In their early H2020 participation (2015–2018), IAP focused broadly on planetary science, cosmochemistry, and atmospheric dynamics infrastructure — contributing to large research infrastructure projects like Europlanet and ARISE2. From 2020 onward, their work sharpened dramatically toward radiation belt physics, magnetospheric modeling, and operational space weather forecasting. This shift reflects a move from general space and atmospheric science toward applied prediction of space weather impacts on technology — a field with growing commercial and security relevance.

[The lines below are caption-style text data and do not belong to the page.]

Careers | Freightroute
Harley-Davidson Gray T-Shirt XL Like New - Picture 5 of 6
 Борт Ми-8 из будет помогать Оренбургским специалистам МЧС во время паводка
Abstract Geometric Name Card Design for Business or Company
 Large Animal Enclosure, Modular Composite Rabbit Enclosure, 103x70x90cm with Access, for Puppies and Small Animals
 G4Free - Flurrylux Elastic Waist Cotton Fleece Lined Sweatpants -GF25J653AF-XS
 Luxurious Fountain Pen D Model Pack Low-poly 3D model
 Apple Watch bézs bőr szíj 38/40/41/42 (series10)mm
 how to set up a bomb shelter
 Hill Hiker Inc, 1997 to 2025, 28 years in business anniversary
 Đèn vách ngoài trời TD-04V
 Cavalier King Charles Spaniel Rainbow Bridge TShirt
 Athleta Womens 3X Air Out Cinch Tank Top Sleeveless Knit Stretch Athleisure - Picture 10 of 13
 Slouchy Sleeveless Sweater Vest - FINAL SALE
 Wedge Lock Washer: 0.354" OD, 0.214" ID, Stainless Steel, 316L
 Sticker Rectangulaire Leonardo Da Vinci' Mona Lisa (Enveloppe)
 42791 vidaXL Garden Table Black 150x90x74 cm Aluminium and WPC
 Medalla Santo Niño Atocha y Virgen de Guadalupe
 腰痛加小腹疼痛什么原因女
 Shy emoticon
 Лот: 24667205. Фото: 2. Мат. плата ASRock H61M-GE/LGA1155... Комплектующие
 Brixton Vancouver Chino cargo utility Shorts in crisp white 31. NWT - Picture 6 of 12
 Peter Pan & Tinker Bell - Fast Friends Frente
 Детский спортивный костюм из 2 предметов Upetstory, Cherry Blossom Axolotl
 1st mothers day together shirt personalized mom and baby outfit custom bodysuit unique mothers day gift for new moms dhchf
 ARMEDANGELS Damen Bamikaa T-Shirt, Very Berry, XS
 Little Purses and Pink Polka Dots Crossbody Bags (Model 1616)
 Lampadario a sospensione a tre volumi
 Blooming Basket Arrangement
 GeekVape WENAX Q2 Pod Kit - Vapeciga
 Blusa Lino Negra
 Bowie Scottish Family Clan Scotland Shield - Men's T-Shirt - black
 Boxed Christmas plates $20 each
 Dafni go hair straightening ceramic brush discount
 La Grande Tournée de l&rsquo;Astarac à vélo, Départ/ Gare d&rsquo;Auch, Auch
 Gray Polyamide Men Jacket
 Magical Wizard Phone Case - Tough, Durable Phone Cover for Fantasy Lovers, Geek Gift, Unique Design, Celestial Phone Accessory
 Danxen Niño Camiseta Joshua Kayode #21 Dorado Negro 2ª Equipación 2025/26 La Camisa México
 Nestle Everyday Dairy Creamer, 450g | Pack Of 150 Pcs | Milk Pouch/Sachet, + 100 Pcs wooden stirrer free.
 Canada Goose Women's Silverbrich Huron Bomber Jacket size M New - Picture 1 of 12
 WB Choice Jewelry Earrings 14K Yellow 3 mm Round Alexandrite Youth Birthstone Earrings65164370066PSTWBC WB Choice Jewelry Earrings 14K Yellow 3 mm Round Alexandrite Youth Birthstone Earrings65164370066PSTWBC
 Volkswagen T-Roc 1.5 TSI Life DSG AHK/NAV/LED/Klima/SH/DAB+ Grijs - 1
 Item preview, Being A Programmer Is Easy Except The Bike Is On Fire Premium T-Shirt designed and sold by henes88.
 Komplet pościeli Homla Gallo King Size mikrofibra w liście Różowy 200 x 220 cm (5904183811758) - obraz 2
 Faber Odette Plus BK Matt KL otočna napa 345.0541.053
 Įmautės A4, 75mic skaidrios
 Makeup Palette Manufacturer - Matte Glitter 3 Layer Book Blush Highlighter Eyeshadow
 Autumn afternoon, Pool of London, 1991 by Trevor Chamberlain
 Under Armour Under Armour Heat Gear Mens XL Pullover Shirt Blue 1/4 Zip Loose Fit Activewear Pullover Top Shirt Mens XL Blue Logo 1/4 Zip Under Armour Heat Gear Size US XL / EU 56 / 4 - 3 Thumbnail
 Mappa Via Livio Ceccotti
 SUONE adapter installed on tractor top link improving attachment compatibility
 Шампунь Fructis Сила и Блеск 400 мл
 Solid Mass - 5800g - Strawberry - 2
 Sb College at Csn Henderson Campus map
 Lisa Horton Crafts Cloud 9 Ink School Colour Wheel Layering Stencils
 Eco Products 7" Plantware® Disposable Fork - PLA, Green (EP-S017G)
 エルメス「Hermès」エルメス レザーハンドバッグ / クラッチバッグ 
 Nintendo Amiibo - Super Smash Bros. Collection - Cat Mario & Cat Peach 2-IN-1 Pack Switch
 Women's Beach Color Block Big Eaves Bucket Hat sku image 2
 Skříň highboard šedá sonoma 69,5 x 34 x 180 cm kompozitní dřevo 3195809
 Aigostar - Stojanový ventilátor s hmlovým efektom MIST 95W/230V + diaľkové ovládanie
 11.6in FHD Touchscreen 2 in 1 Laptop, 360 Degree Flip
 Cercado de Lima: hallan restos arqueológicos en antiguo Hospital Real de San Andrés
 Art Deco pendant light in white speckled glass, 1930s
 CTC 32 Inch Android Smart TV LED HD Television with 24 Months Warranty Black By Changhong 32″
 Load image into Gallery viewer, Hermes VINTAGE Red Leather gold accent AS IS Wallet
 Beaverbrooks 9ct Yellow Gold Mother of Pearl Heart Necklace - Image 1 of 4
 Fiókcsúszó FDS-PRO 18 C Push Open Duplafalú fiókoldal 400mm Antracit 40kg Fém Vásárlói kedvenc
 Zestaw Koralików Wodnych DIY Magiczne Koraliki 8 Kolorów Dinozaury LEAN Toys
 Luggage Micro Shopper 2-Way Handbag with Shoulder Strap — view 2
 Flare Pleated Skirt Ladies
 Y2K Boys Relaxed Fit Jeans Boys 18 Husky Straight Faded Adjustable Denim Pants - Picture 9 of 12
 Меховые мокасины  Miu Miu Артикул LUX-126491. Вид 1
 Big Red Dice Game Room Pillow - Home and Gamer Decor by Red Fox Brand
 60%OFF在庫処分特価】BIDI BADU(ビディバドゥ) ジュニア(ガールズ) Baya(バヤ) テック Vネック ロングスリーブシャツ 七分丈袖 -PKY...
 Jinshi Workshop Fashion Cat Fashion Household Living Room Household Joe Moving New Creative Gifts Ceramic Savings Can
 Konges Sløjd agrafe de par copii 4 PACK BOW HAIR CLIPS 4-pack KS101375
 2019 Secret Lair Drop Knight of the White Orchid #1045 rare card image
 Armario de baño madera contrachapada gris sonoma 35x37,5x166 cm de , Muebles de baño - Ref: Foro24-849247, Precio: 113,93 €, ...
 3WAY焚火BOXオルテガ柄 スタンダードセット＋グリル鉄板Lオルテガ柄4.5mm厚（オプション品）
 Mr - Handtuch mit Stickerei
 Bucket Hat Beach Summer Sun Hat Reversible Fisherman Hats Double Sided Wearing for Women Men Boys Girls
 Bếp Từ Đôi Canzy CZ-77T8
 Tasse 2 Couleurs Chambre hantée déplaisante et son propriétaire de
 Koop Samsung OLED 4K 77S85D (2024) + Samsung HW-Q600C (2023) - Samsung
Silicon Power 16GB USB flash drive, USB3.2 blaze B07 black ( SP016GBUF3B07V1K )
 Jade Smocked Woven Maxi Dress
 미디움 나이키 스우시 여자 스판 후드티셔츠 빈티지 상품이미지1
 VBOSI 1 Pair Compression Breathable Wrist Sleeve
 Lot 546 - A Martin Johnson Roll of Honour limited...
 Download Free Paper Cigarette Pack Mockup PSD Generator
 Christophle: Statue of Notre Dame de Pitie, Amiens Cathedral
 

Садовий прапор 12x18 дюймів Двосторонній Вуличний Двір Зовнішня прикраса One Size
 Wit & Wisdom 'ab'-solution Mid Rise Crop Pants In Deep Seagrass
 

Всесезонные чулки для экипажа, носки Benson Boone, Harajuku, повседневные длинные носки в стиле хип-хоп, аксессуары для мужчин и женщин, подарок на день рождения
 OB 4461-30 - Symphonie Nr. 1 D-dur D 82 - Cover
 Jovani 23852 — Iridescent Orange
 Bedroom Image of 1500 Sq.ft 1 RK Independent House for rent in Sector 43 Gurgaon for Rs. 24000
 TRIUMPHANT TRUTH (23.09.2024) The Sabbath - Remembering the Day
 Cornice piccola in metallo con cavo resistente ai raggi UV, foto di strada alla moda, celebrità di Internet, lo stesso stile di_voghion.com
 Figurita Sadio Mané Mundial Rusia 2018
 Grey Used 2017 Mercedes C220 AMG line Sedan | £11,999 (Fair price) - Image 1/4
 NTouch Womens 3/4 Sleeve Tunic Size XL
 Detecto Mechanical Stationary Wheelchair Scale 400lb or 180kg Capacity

IAP is moving toward operational space weather services and satellite protection tools, positioning them well for partnerships in the growing space situational awareness sector.

Collaboration profile

How they like to work

Role: specialist_contributorReach: European36 countries collaborated

IAP operates exclusively as a participant — they have never coordinated an H2020 project, which is typical for a mid-sized national academy institute contributing specialized scientific expertise. With 122 unique partners across 36 countries, they are well-networked through large research infrastructure consortia rather than leading their own initiatives. This makes them a reliable specialist contributor: easy to integrate into large teams, experienced with multi-partner coordination, but not a consortium driver.

IAP has collaborated with 122 unique partners across 36 countries, giving them a truly pan-European (and beyond) network built through large infrastructure projects like Europlanet and PITHIA-NRF. Their connections span atmospheric science labs, space agencies, and planetary research centers across most of Europe.

Why partner with them

What sets them apart

IAP sits at a relatively rare intersection: they combine deep atmospheric physics knowledge with magnetospheric and radiation belt expertise, bridging ground-level atmospheric dynamics with near-Earth space effects. Few institutes in Central and Eastern Europe offer this vertical — from atmospheric observation to satellite anomaly prediction. For consortium builders, they bring Czech Academy credibility, strong infrastructure project experience, and a niche in space weather impacts that complements both space agencies and telecoms/satellite operators.

Notable projects

Highlights from their portfolio

  • SafeSpace
    Their largest funded project (EUR 307K), directly addressing radiation belt threats to space assets — marking their strongest pivot toward applied space weather.
  • PAGER
    Second-largest funding (EUR 287K) with the richest keyword profile, covering geomagnetic storm prediction from magnetospheric physics to operational satellite anomaly forecasting.
  • EPN2020-RI
    Their first major H2020 project, embedding them in the pan-European Europlanet infrastructure network that they continued through EPN-2024-RI.
Cross-sector capabilities
Environment — atmospheric dynamics and climate monitoring infrastructureSecurity — satellite anomaly prediction and critical infrastructure protection from space weatherResearch Infrastructure — experienced contributor to large-scale European observation networksTransport — ionospheric disturbance effects on GNSS-based navigation systems
Analysis note: Good data coverage with 7 projects and rich keyword data for recent projects. Early projects (ARISE2, TechTIDE) lack keyword metadata, so the early-period profile may underrepresent their atmospheric science work. No website available for independent verification.